When the C standards were codified, different platforms would do different things when left-shifting negative integers. On some of them, the behavior might trigger implementation-specific traps whose behavior could be outside a program's control, and which could include random code execution. Nonetheless, it was possible that programs written for such platforms might make use of such behavior (a program could e.g. specify that a user would have to do something to configure a system's trap handlers before running it, but the program could then exploit the behavior of the suitably-configured trap handlers).
The authors of the C standard did not want to say that compilers for machines where left-shifting of negative numbers would trap must be modified to prevent such trapping (since programs might potentially be relying upon it), but if left-shifting a negative number is allowed to trigger a trap which could cause any arbitrary behavior (including random code execution) that means that left-shifting a negative number is allowed to do anything whatsoever. Hence Undefined Behavior.

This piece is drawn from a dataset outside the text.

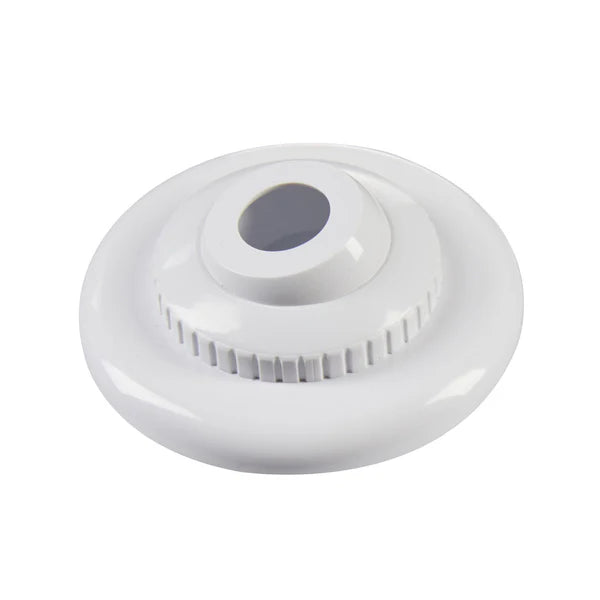 HAYWARD orifice de retour d'eau avec cache vis - SP1418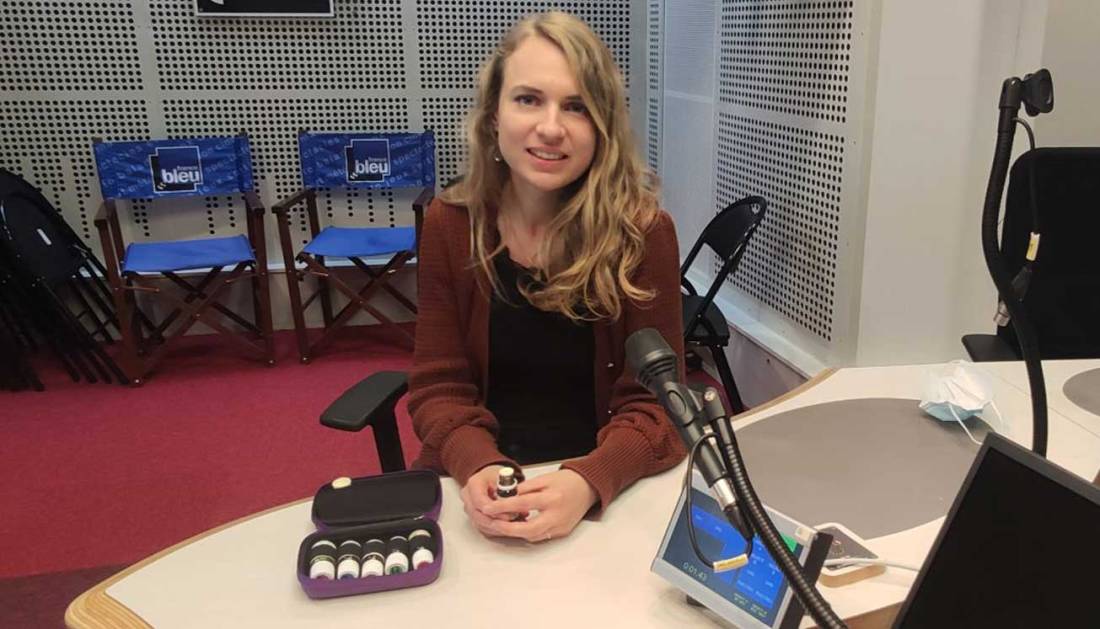 sophie-jozwik-naturopathe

In practice, until about 5 years ago, 99+% of compilers written for a machine that used two's-complement math (meaning 99+% of machines made since 1990) would consistently yield the following behaviors for x<<y and x>>y, to the extent that code reliance upon such behavior was considered no more non-portable than code which assumed char was 8 bits. The C standard didn't mandate such behavior, but any compiler author wanting to be compatible with a wide base of existing code would follow it.
- if
y is a signed type, x << y and x >> y are evaluated as though y was cast to unsigned.
- if
x is type int, x<<y is equivalent to (int)((unsigned)x << y).
- if
x is type int and positive, x>>y equivalent to (unsigned)x >> y. If x is of type int and negative, x>>y is equivalent to ~(~((unsigned)x) >> y).
- If
x is of type long, similar rules apply, but with unsigned long rather than unsigned.
- if
x is an N-bit type and y is greater than N-1, then x >> y and x << y may arbitrarily yield zero, or may act as though the right-hand operand was y % N; they may require extra time proportional to y [note that on a 32-bit machine, if y is negative, that could potentially be a long time, though I only know of one machine which would in practice run more than 256 extra steps]. Compilers were not necessarily consistent in their choice, but would always return one of the indicated values with no other side-effects.
Unfortunately for reasons I can't quite fathom, compiler writers have decided that rather than allowing programmers to indicate what assumptions compilers should use for dead-code removal, compilers should assume that it is impossible to execute any shift whose behavior isn't mandated by the C standard. Thus, given code like the following:
uint32_t shiftleft(uint32_t v, uint8_t n)
{
if (n >= 32)
v=0;
return v<<n;
}
a compiler may determine that because the code would engage in Undefined Behavior when n is 32 or larger, the compiler may assume that the if will never return true, and may thus omit the code. Consequently, unless or until someone comes up with a standard for C which restores the classic behaviors and allows programmers to designate what assumptions merit dead code removal, such constructs cannot be recommended for any code that might be fed to a hyper-modern compiler.